On the profits front, as bad as AngioDynamics' pro forma loss was, its loss under generally accepted accounting principles (GAAP) was even worse. When calculated according to GAAP, AngioDynamics lost a staggering $0.33 per share -- nearly twice as much as its losses in the year-ago quarter. Hurting the company's performance especially was the fact that gross profit margin in its med tech business declined sharply, down 220 basis points year over year to 63.2%, blunting the effect of the sales gains. Gross margin was also down in the med device segment, compounding the effect of declining sales there.  

CEO Jim Clemmer said he was "pleased with our performance" during the quarter.
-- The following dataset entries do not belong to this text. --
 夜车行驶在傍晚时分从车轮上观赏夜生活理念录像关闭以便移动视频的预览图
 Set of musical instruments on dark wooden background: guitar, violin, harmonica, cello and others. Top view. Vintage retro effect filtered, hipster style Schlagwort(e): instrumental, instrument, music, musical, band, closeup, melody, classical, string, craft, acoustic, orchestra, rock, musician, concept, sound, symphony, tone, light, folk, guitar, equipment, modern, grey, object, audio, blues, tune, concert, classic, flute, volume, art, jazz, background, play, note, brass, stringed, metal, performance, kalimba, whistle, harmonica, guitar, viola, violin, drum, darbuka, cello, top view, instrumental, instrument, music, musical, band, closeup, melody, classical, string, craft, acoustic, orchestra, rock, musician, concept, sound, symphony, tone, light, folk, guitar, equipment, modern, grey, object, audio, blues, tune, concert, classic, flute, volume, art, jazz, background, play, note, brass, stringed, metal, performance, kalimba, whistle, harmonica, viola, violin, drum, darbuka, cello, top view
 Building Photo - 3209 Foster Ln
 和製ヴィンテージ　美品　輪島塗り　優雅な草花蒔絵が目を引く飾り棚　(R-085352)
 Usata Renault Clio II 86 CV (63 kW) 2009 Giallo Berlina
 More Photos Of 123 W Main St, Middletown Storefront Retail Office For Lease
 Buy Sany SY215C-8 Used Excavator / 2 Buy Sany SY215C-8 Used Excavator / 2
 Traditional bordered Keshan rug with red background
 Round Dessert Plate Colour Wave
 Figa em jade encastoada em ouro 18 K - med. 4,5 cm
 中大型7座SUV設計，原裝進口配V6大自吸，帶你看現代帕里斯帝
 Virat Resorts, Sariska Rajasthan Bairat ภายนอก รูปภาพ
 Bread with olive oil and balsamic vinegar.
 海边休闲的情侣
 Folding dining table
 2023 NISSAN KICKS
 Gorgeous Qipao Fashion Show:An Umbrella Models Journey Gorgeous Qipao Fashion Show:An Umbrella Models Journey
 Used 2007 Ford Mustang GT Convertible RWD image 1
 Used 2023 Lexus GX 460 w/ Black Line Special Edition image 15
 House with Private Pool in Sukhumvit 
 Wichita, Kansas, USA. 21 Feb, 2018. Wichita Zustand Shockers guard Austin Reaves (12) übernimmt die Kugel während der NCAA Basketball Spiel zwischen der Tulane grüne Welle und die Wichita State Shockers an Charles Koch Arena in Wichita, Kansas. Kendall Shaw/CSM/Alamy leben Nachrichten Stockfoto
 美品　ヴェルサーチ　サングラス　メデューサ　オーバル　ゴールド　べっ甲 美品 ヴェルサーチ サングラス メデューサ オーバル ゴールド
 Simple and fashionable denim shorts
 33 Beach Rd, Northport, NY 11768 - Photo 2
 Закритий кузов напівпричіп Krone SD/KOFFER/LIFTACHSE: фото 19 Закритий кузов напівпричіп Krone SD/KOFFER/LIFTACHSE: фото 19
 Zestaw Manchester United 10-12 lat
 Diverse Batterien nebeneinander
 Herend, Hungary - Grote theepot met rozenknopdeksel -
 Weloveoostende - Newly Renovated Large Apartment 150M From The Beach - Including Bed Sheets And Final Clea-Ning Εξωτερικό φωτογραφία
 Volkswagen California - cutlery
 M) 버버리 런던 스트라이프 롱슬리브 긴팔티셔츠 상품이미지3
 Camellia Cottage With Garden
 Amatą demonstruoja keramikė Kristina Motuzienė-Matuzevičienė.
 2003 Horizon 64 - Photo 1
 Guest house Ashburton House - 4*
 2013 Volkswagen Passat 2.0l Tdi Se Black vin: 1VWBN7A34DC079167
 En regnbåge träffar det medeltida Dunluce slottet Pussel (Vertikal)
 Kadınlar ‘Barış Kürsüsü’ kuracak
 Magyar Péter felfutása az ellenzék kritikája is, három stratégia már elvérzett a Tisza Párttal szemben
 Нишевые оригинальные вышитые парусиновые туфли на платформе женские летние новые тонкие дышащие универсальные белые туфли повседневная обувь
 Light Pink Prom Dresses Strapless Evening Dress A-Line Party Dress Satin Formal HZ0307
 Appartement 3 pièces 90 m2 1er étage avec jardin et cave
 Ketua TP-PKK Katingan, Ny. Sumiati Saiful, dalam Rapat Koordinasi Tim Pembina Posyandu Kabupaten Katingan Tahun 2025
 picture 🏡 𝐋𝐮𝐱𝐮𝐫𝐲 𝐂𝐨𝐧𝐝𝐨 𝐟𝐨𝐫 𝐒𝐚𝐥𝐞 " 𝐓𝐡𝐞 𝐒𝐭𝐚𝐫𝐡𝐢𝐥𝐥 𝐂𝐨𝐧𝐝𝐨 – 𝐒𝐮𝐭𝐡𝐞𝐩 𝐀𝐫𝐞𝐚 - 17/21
Investors apparently were not.

Now what

AngioDynamics did say it expects things to look up as the year progresses. Management sees gross margin improving for fiscal 2023 as a whole, for example, to a range of from 52.5% to 54.5% -- up from 51.9% in Q1. And management is forecasting that pro forma profits (not GAAP) will be positive for the year as a whole -- somewhere between $0.01 and $0.06 per share.

At the midpoint, that's about a penny better than the $0.02 per share pro forma profit that Wall Street is forecasting. But seeing as AngioDynamics just missed earnings by four pennies in Q1, it's understandable if investors aren't exactly excited by the prospect of beating by one penny later on.

With AngioDynamics now on track to score its fourth straight money-losing year -- GAAP -- I cannot say I blame them.